Heck no! We are avid users of Cassandra, and have deployed it with great success in production. It is fast, reliable, easy to understand, and has a set of properties that make it incredibly useful for a wide range of problems. We’ve had particular success with time series data and aggregated statistics.
It’s disappointing that these benchmarks can be interpreted to mean far more than they are actually testing. For serving key-values out of RAM or SSD at the highest speed with the kinds of reliability constraints we describe, our numbers are accurate. But we say nothing more than this. It’s unfortunate that these graphs take on a life of their own.
We’re looking to create other kinds of benchmarks that measure more complex application scenarios. For example, Cassandra becomes more attractive when the size of data is much larger than the amount of RAM. That’s absolutely worth measuring. Not to mention how we might measure all the power that a columnar database provides. We’re big fans of Cassandra, and the last thing we want to do is produce reports that imply otherwise.
Where we could improve
Ellis makes a couple of lesser points that are worth addressing. One of which is that we didn’t properly isolate the benchmarks with warm-up periods and didn’t manage compactions, thus distorting the results. This is actually false, though we did a poor job documenting it. We ran the workloads in different orders and using different warm-up periods, and took efforts to capture only steady state numbers. We also ran with compactions enabled and disabled and didn’t see much difference. However, we don’t mention these explicitly in the paper, and the automated scripts don’t reflect this substantial work. This is something we should have made transparent and reproducible.
The other objection is that for the Cassandra version we used, we should have set populate_io_cache_on_flush to fully optimize for the “fast” (i.e. predominantly in RAM) scenario. Fair enough. The reason we are transparent in our methodology is to solicit feedback exactly like this. However, there are two reasons to believe that this does not alter our conclusions in a significant way. One is that Ellis himself describes this as a negligible factor. The second is that we’ve repeated similar tests with newer versions of Cassandra and gotten results that were substantially unchanged.
As Ellis writes, there are a lot of really bad benchmarks out there. Controlling for speed versus reliability across databases that are architected completely differently is a very difficult task. By releasing the source code and implementation details of our studies we invite the world to jump in and release their own views on our work.
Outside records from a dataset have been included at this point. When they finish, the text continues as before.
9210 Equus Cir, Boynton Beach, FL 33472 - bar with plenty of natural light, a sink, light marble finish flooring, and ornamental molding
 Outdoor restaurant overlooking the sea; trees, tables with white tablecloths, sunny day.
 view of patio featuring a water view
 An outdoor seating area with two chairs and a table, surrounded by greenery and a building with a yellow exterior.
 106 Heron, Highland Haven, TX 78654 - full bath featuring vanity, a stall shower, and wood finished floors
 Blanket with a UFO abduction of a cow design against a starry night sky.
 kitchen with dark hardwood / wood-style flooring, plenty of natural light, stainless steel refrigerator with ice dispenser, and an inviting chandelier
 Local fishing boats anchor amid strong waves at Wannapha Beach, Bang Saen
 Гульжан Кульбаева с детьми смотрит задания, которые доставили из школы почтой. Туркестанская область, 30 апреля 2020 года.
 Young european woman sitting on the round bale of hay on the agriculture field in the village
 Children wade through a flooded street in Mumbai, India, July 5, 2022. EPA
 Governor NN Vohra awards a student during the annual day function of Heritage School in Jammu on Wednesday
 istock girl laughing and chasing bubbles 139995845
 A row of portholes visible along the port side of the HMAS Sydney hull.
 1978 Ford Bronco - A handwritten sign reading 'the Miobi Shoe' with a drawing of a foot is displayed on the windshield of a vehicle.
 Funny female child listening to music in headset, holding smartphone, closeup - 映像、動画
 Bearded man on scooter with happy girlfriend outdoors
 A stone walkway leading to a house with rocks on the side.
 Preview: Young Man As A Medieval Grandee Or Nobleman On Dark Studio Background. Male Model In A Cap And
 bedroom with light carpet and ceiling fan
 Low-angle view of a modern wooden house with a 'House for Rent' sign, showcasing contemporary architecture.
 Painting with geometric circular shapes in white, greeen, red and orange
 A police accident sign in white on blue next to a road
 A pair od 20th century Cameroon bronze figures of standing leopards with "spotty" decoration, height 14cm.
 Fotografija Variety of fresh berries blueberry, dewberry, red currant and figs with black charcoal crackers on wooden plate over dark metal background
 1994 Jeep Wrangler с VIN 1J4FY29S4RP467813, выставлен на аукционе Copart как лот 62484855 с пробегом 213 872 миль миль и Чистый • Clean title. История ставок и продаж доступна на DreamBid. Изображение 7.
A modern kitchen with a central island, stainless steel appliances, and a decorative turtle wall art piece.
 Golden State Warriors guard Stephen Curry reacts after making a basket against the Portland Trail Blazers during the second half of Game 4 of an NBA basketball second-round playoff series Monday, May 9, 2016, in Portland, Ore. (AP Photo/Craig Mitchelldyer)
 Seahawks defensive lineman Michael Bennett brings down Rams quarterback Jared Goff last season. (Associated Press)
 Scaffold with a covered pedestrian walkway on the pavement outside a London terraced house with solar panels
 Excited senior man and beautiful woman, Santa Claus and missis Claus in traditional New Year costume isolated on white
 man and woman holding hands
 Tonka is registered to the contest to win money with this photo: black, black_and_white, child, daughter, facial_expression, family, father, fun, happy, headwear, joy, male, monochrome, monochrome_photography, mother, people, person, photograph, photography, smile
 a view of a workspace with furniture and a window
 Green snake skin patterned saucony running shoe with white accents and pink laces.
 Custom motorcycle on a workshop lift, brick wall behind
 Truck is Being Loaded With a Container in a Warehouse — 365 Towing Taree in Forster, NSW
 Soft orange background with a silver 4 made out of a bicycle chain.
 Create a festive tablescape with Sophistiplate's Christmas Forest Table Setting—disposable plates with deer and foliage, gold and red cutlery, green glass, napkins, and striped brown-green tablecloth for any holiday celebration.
There are a ton of things that can be measured here, and we welcome refinements and other kinds of tests to measure different things. It’s certainly no surprise that Ellis was able to create different numbers using the same basic framework. We’d love to understand better his assumptions and methodology and see what additional conclusions we can make from them.
It is also perfectly fair to say that the benchmark being discussed does not reflect the situations where Cassandra shines the most. We completely agree. There are a number of studies we have planned that can do more than test how fast a database can serve value out of RAM or off SSD. Doing them correctly takes a large amount of time and money, so this backlog is large. One of the reasons we make the test plan, scripts, and YCSB code public is to encourage others to explore further.
We absolutely welcome vendor feedback on our work. While we reached out to all the vendors for their feedback on our configurations, it’s inevitable that there were specific additional optimizations that could be made to each database. Indeed, other vendors have come forth with recommendations as well. It’s worth mentioning that we’re now working with DataStax much more closely on our current benchmarks than we have in the past. Our goal is to give every vendor the fairest possible shake.
We stand by our benchmark methodology, because we believe it measures exactly what we claim it measures. It also matches our experience in real-world production use, which is after all the whole point.